Yesterday afternoon, as snow fell on Washington, more than half a dozen House Republicans gathered in light jackets and blazers in sunny Houston, on the shore of the Houston Ship Channel — a body of water that opens up into the Gulf of Mexico and is home to Enterprise Products Partners LP, a natural gas and crude oil pipeline company.

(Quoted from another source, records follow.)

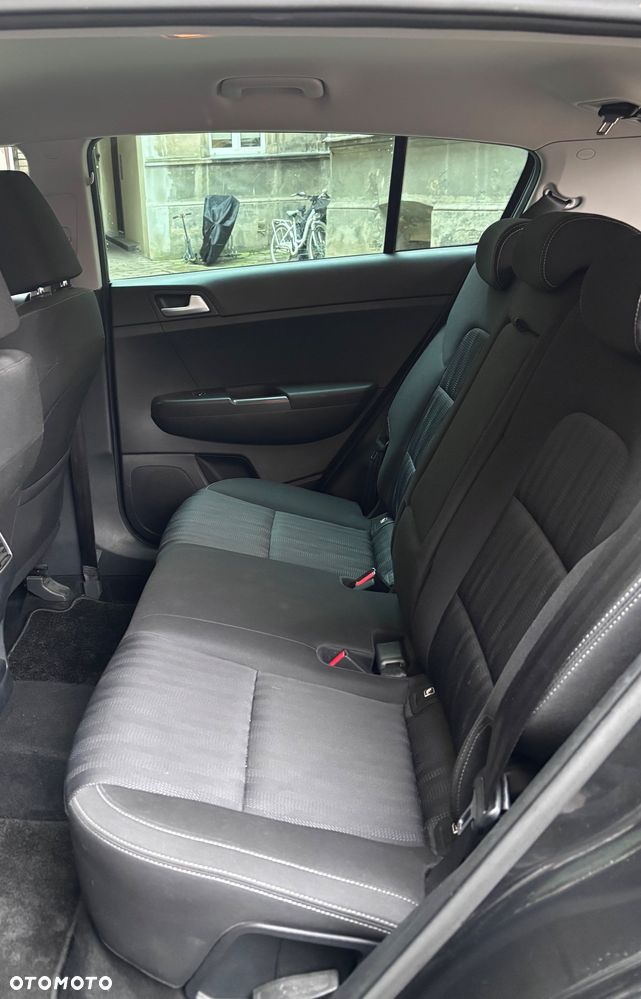 Kia Sportage 1.6 GDI M 2WD - 17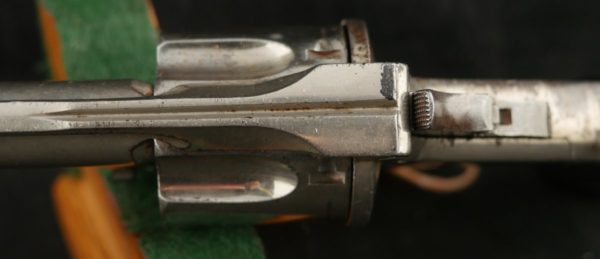 GR79-0323-4649, Merwin & Hulbert .38 DA. 5 Shot. BLOWOUT - Image 17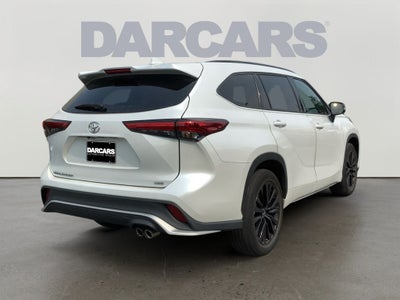 2023 Toyota Highlander XSE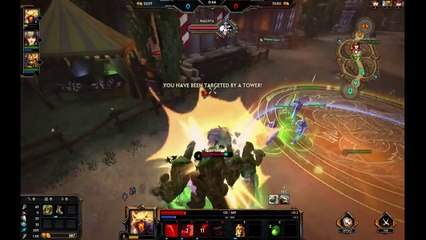 Smite Let's Play / PlayThrough / WalkThrough Part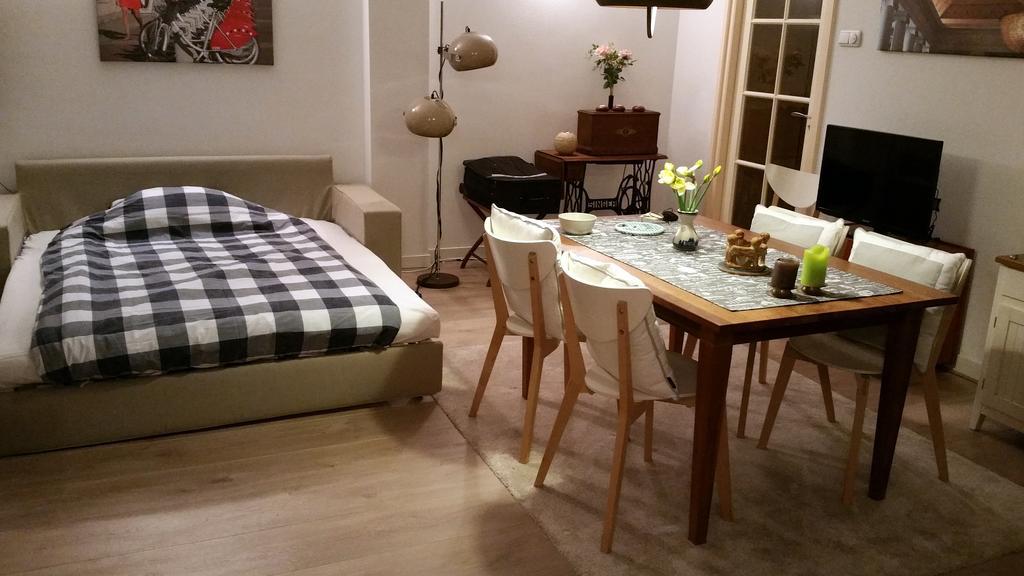 Parra-Dise Apartment The Hague Luaran gambar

Each painted a dire picture of Biden’s recent actions, calling his environmental agenda variations of "divisive," a "travesty" and even a "deliberate" attack on American jobs — one that would cost the country the chance of achieving energy independence, threatening national security and elevating gas prices and electric bills nationwide.
"If the president is serious about any unity, come to Houston," McCarthy said. "Come to Middle America. Come look in the face of any of those workers who earn $80,000 a year, and tell them why you took their jobs away, without ever talking to them. Tell them why these good union workers should lose their jobs in the middle of a pandemic, and tell them your answer: ‘Just put solar panels.’"
Lawmakers discussed Biden’s planned moratorium on issuing new oil and gas leases on federal land, which Texas members said would damage Houston as an energy production powerhouse and Republican Rep. Yvette Herrell warned would decimate the critical revenue streams that fund education in her home state of New Mexico.
There was also talk of the decision to halt Keystone XL’s construction, with Republicans talking up job creation benefits while undermining criticism that the project will cause mass environmental devastation.
Rep. Dan Crenshaw (R-Texas), a new member of the House Energy and Commerce Committee, accused Democrats of "lying" with the assertion that the project must be scrapped as a "sacrifice" in the pursuit of "saving the planet."
"This is not good for the environment," Crenshaw argued. "When you stop pipeline production, then you just force the transport of oil and gas on the trucks, rail, which emit more carbon. … When you destroy American energy independence, you’re ceding dominance to Russia, Venezuela and Saudi Arabia, and, as it turns out, they produce oil and gas a lot dirtier than we do in America."
At one point, Republicans gave the microphone to Dustin Mykyte, president of Pe Ben USA, a pipeline logistics company that has been working on the Keystone pipeline projects off and on for years.
"I wish I knew what we were doing wrong," he said. "We’re hiring union employees that are [a] really strong voice for the Democratic Party — they’re big voters. We pay them excellent wages, and we give them benefits, retirement accounts."
Mykyte went on: "I also don’t know what we’re doing wrong environmentally. I wish the critics would come out and see pipeline construction. It’s quite impressive, the steps we take to make sure the environment is protected and remains safe for people and flora and fauna. … I also don’t know what else I can do."